Information shown:

....

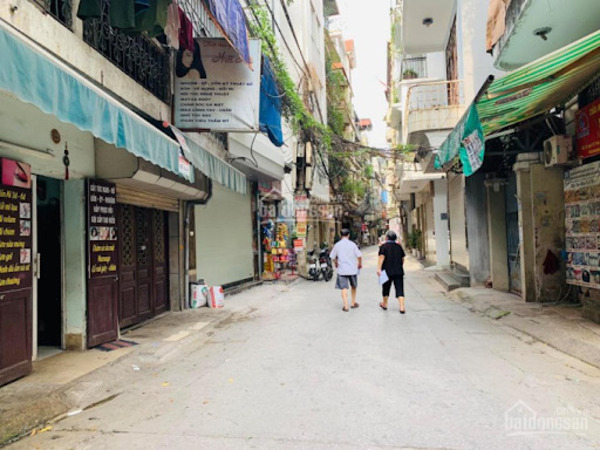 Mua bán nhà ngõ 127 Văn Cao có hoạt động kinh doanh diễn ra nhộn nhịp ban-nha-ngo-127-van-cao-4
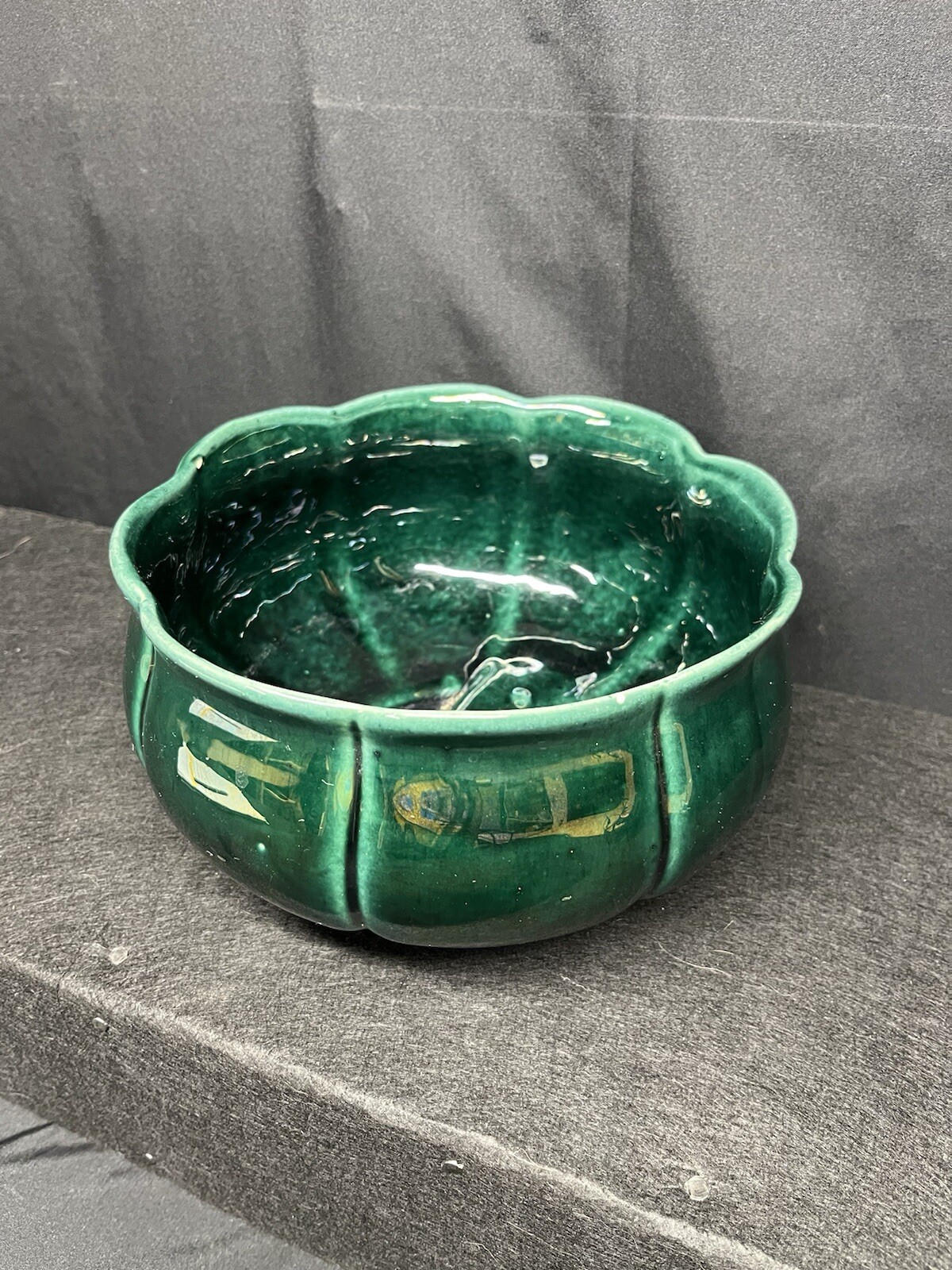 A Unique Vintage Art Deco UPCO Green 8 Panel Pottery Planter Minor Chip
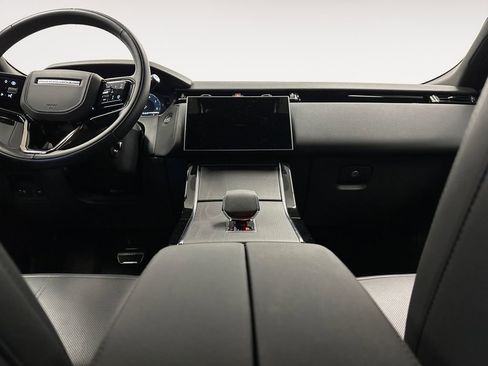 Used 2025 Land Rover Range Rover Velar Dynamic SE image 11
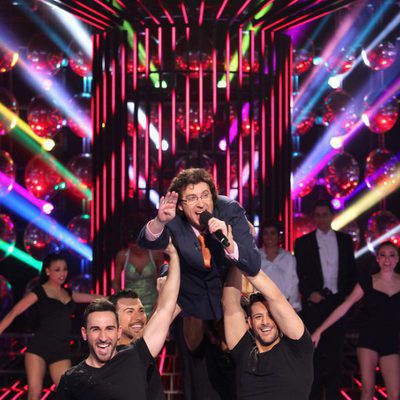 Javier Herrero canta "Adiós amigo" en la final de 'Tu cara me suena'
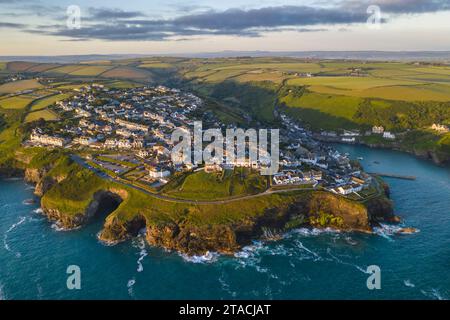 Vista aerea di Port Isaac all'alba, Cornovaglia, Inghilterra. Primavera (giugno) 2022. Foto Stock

....

Exercise:
Having located the line with "A Unique Vintage", copy it exactly along with every later line through the end of the listing above, but omit the pictures.

Response below:
 A Unique Vintage Art Deco UPCO Green 8 Panel Pottery Planter Minor Chip
 Used 2025 Land Rover Range Rover Velar Dynamic SE image 11
 Javier Herrero canta "Adiós amigo" en la final de 'Tu cara me suena'
 Vista aerea di Port Isaac all'alba, Cornovaglia, Inghilterra. Primavera (giugno) 2022. Foto Stock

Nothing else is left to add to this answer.